As far as I understand, an ipython
cluster manages a set of persistent namespaces (one per engine). As a result, if a module that is imported by an engine engine_i
is modified, killing the main interpreter is not sufficient for that change to be reflected in the namespace of engine_i
.
Here's a toy example that illustrates this:
#main.py
from ipyparallel import Client
from TC import test_class #TC is defined in the next code block
if __name__=="__main__":
cl=Client()
cl[:].execute("import TC")
lv=cl.load_balanced_view()
lv.block=True
tc=test_class()
res=lv.map(tc, [12,45])
print(res)
with the TC
module only consisting of
#TC.py
class test_class:
def __call__(self,y):
return -1
Here, consider the excution
$npcluster start -n <any_number_of_engines> --daemonize
$python3 main.py
[-1, -1]
$#open some editor and modify test_class.__call__ so that it returns -2 instead of -1
$python3 main.py #output is as expected, still [-1, -1] instead of [-2, -2]
[-1, -1]
This is expected as the engines have their own persistent namespaces, and a trivial solution to make sure that changes to TC
are included in the engines is simply to kill (e.g. via $ipcluster stop
) and restart them again before running the script.
However, killing/restarting engines quickly becomes tedious in case you need to frequently modify a module.
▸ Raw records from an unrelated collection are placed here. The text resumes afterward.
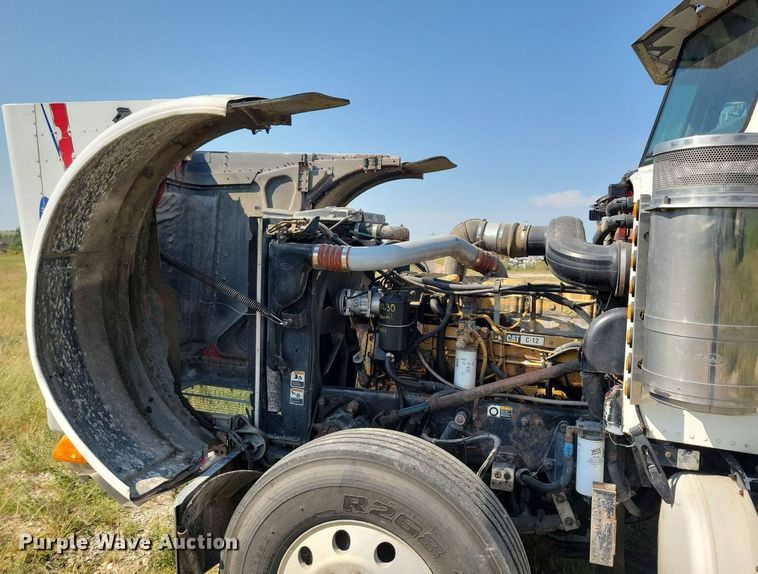 image for item JO9466 2003 Peterbilt  379 semi truck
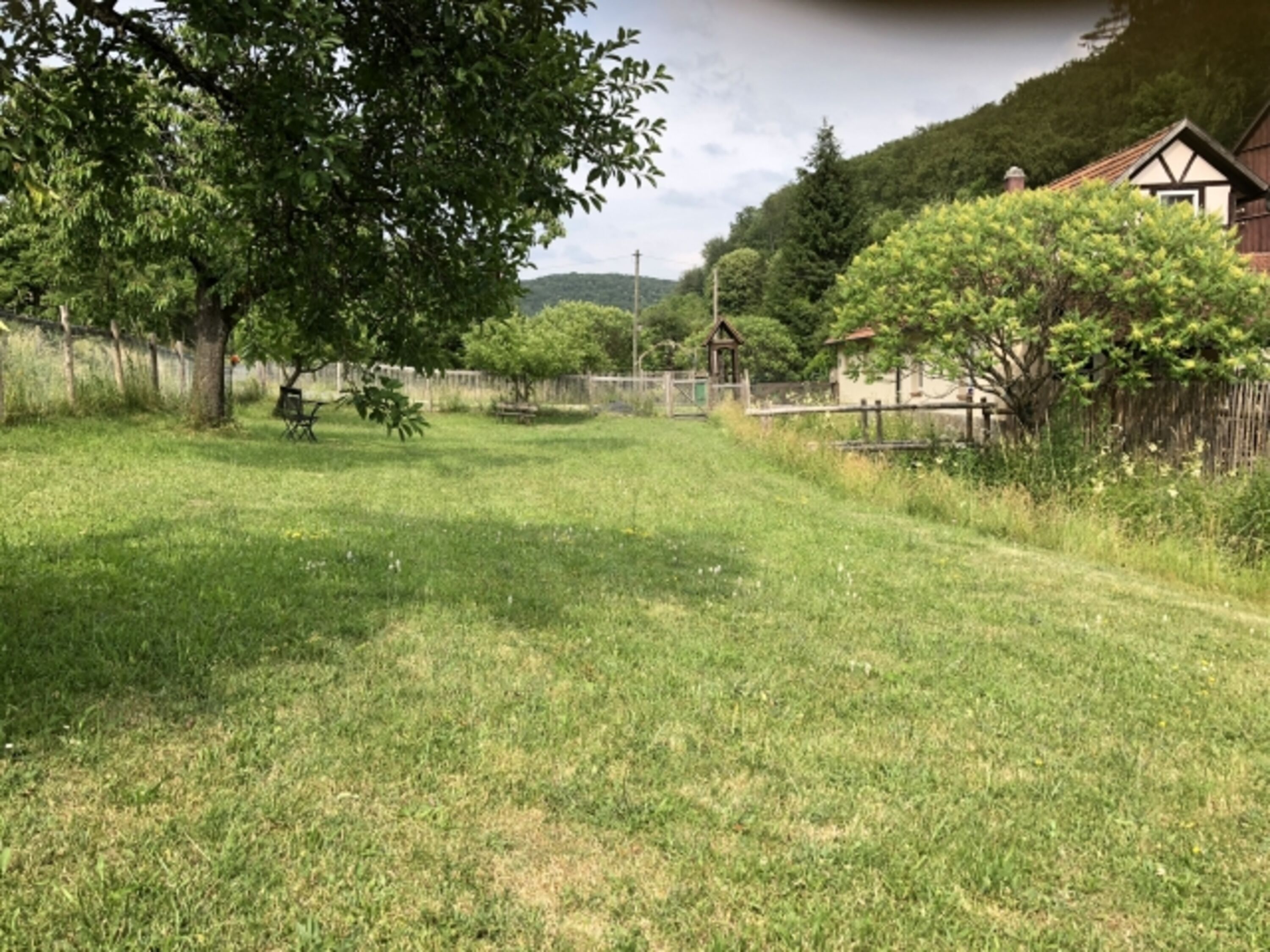 Garten komplett eingezäunt - Zaunhöhe 125cm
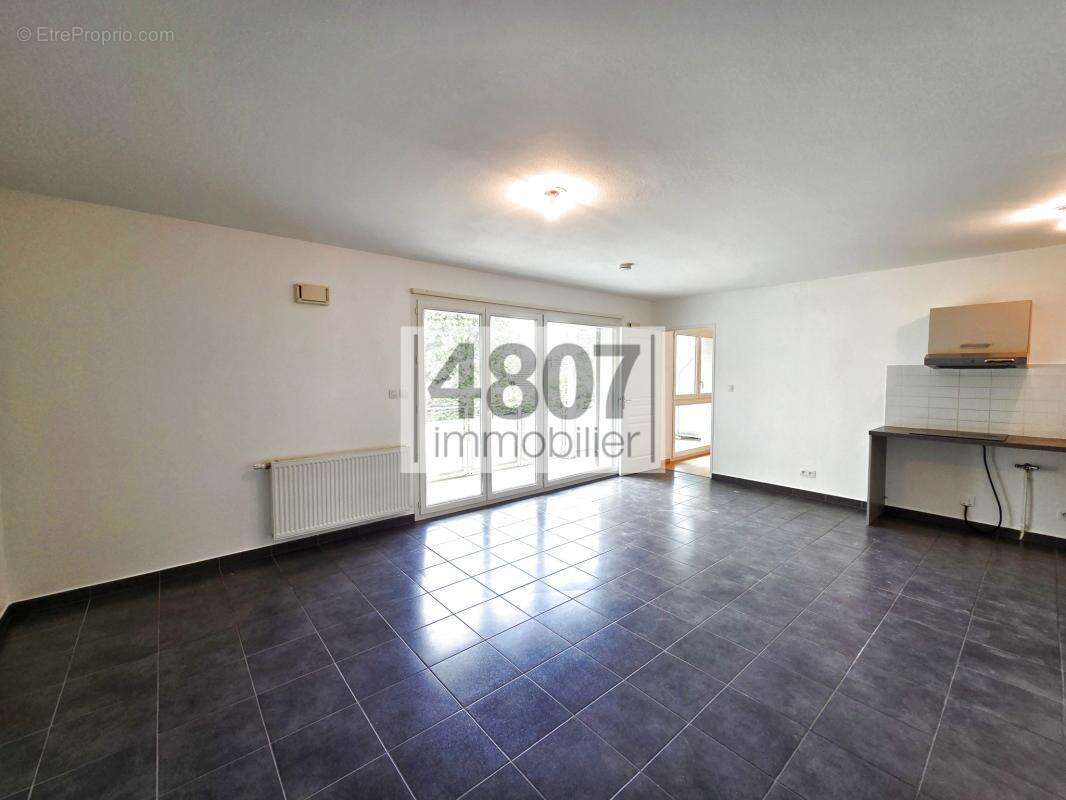 Appartement à ETREMBIERES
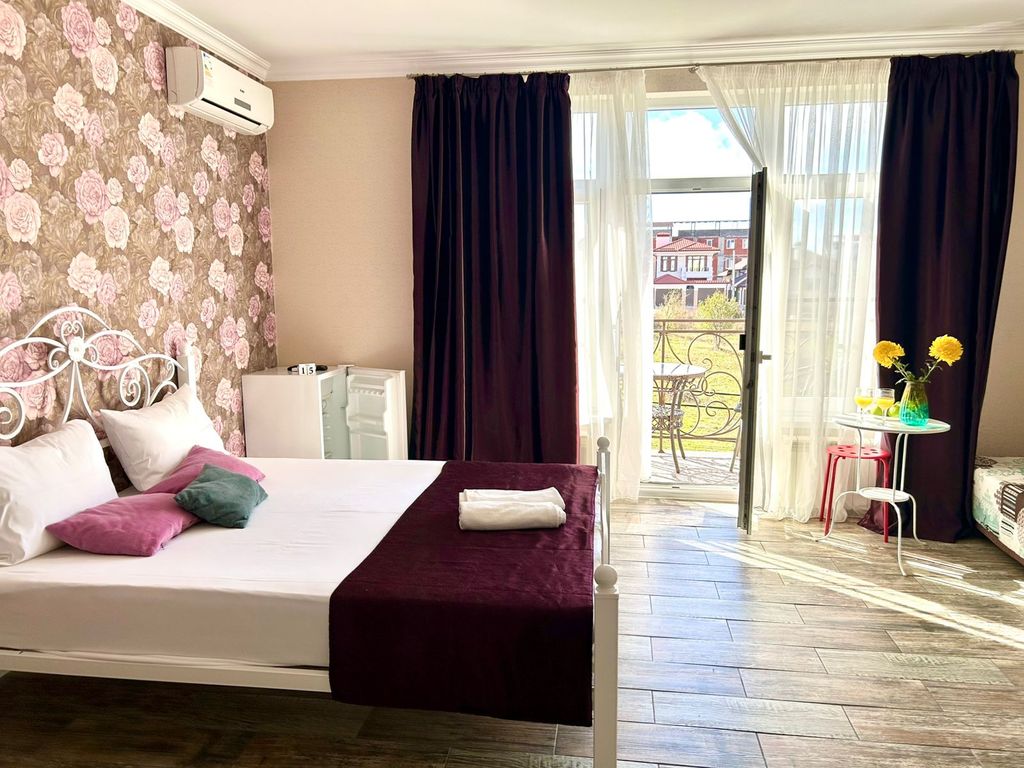 Семейный номер двухкомнатный люкс с балконом и шикарным видом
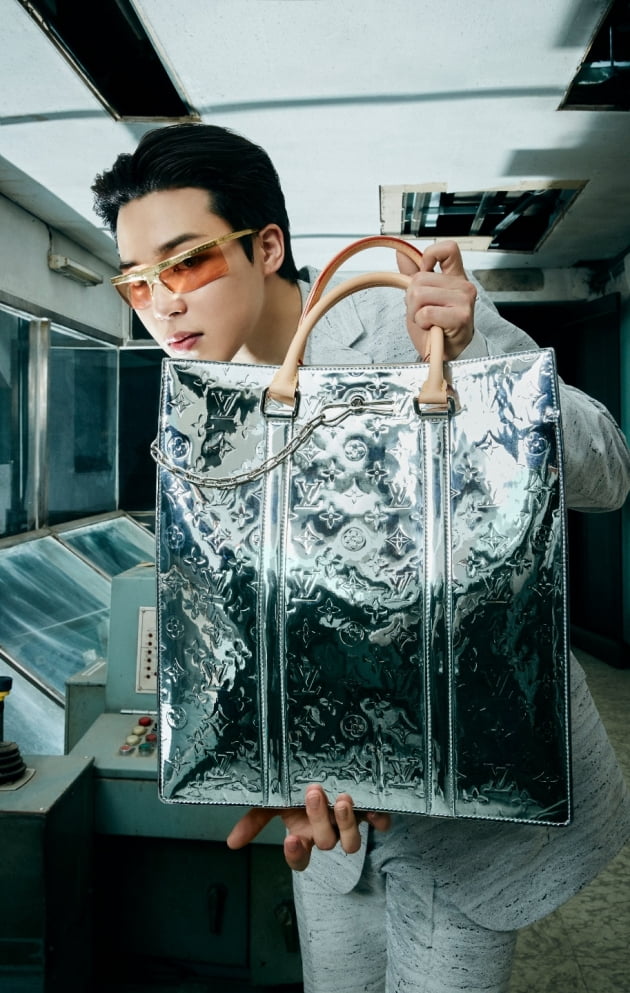 방탄소년단 지민, 루이비통쇼의 '하이라이트'…외신 폭발적 반응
So, far, I've found a few potential solutions but none of them are really useful:
If the modification is made to a module directly imported to the engine's namespace, like
TC
above:cl[:].execute("from imp import reload; import TC; reload(TC)")
However, this is very limited as it is not recursive (e.g. if
TC.test_class.__call__
itself importsanother_module
and we modifyanother_module
, then this solution wont work).Because of the problem with the previous solution, I tried ipython's
deepreload
in combination with%autoreload
:from IPython import get_ipython ipython=get_ipython() ipython.magic("%reload_ext autoreload") ipython.magic("%autoreload 2") cl[:].execute("import builtins;from IPython.lib import deepreload;builtins.reload=deepreload.reload;import TC;reload(TC)")
This doesn't seem to work at all for reasons that so far I haven't understood.
The magic
%reset
from ipython is supposed to (per the documentation)) clear the namespace, but it didn't work on the engine namespaces including in the toy example given above.I tried to adapt the first answer given here to clean up the engine namespaces. It doesn't seem however to help with re-importing modified modules.
It seems to me that the most reliable solution is therefore to just kill/restart the engines each time. It looks like this can't even be done from the script as cl.shutdown(restart=True)
throws NotImplementedError
. Is everyone working with ipyparallel
constanty restarting their clusters manually or is there something obvious that I'm missing?